Insert Small Linker into Imp Linker + K3 Vector, Take 2 Day 1
The small linker and the Imp Linker + K3 construct were digested with XbaI and AgeI in buffer 4. The digests were ligated together, and the ligation was transformed into Escherichia coli cells and plated onto kanamycin resistant plates.
Insert 10 AA Linker into Imp Linker + K3 Vector, Take 3 Day 1
The 10 AA linker and the Imp Linker + K3 construct were digested with XbaI and AgeI in buffer 4. The digests were ligated together, and the ligation was transformed into Escherichia coli cells and plated onto kanamycin resistant plates.
Insert tev Protease into K3 Vector, Take 4 Day 1
No colonies grew from the 6/17 assembly of tev protease and the K3 vector, so the assembly was performed again. The purified tev protease PCR product from 6/4 and the K3 miniprep from 6/13 were digested with XbaI and PstI in buffer 3. The digests were ligated together, and the ligation was transformed into Escherichia coli cells and plated on kanamycin resistant plates.
Tuesday
Mutagenesis of XylE, Take 5 Day 6
All three plates contained ten total colonies:
| PCR Reaction | Number of Colonies | Colonies Used |
|---|---|---|
| 1 | 8 | A, B, C |
| 2 | 0 | N/A |
| 3 | 2 | A, B |
6/20 Assembly Validation
The tev protease + K3 colonies all still contained RFP, which means that the assembly did not work. The small linker + K3 and 10 AA + K3 plates both grew colonies, although not many.

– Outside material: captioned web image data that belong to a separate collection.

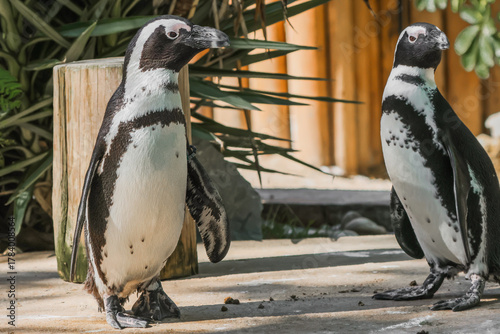 Εκτύπωση καμβά Penguins At Lisbon Zoo - 241C5820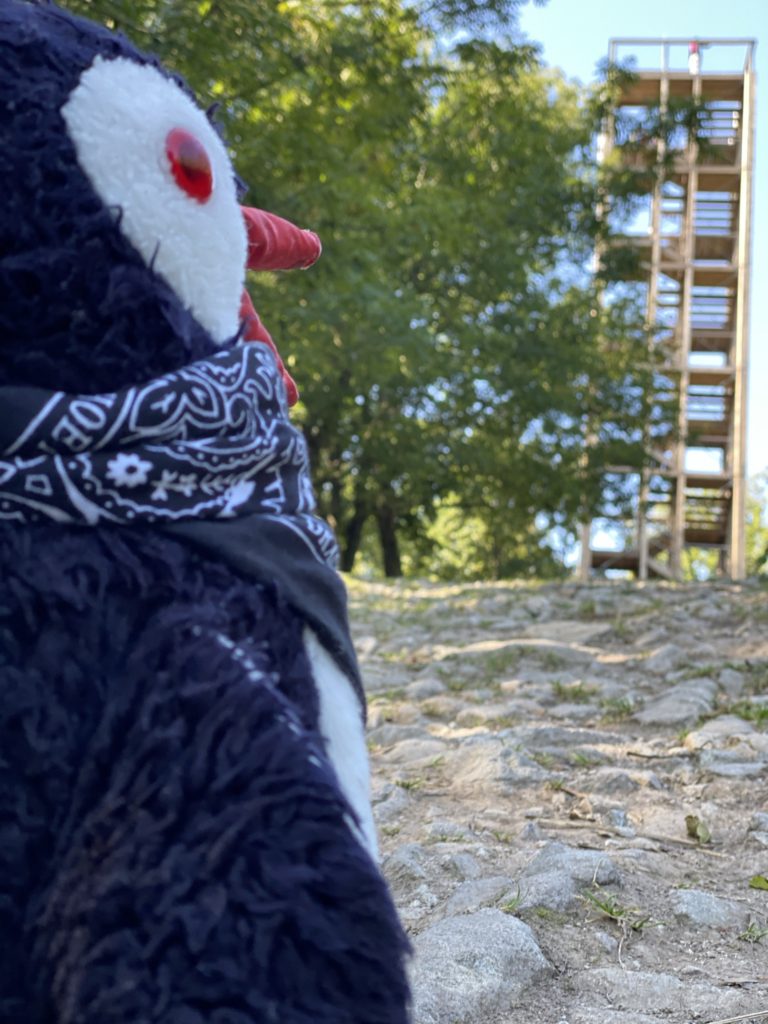 Plush penguin wearing a bandana looks toward the Great Homola Lookout Tower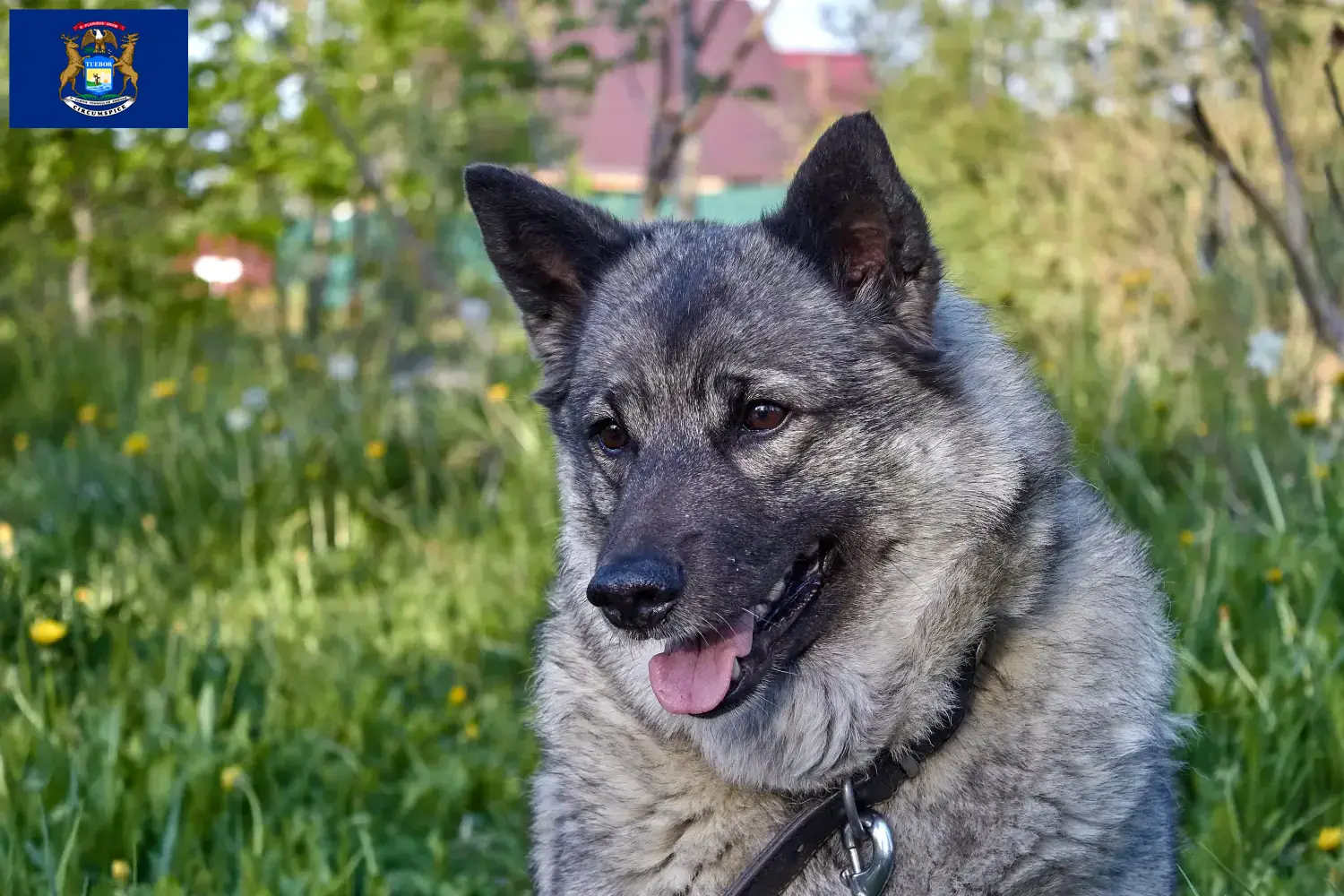 Norwegian Elkhound puppies and breeders Michigan Find Norwegian Elkhound breeders in Michigan.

Two colonies from both the small linker + K3 and the 10 AA + K3 plates were amplified through colony PCR. The PCR products were tested through agarose gel elctrophoresis in order to determine their size in base pairs. The gel showed that the two linkers contained the correct number of base pairs, so these constructs should be sent to sequencing.